Functions of reinsurance

There are many reasons why an insurance company would choose to reinsure as part of its responsibility to manage a portfolio of risks for the benefit of its policyholders and investors : Risk transfer
The main use of any insurer that might practice reinsurance is to allow the company to assume greater individual risks than its size would otherwise allow, and to protect a company against losses. Reinsurance allows an insurance company to offer higher limits of protection to a policyholder than its own assets would allow. For example, if the principal insurance company can write only $10 million in limits on any given policy, it can reinsure (or cede) the amount of the limits in excess of $10 million.
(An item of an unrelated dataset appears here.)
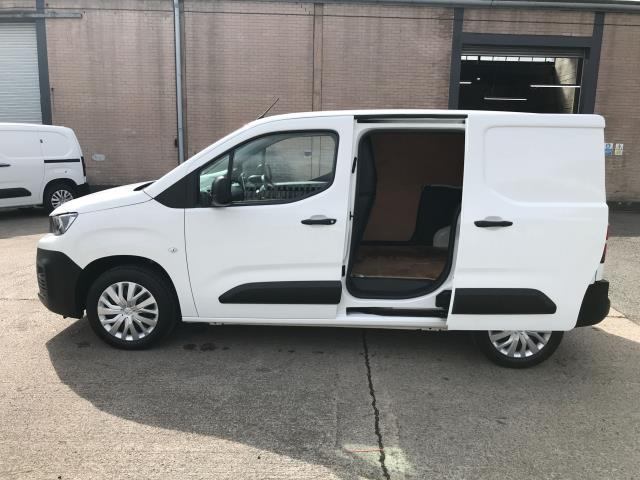 2021 Peugeot Partner L1 1000 1.5BLUE HDI 100PS PROFESSIONAL EURO 6 (NY21EHN) Image 10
Reinsurance’s highly refined uses in recent years include applications where reinsurance was used as part of a carefully planned hedge strategy.
Income smoothing
Reinsurance can help to make an insurance company’s results more predictable by absorbing larger losses and reducing the amount of capital needed to provide coverage.
Surplus relief
An insurance company's writings are limited by its balance sheet (this test is known as the solvency margin). When that limit is reached, an insurer can either stop writing new business, increase its capital or buy "surplus relief" reinsurance. The latter is usually done on a quota share basis and is an efficient way of not having to turn clients away or raise additional capital.
Arbitrage
The insurance company may be motivated by arbitrage in purchasing reinsurance coverage at a lower rate than what they charge the insured for the underlying risk.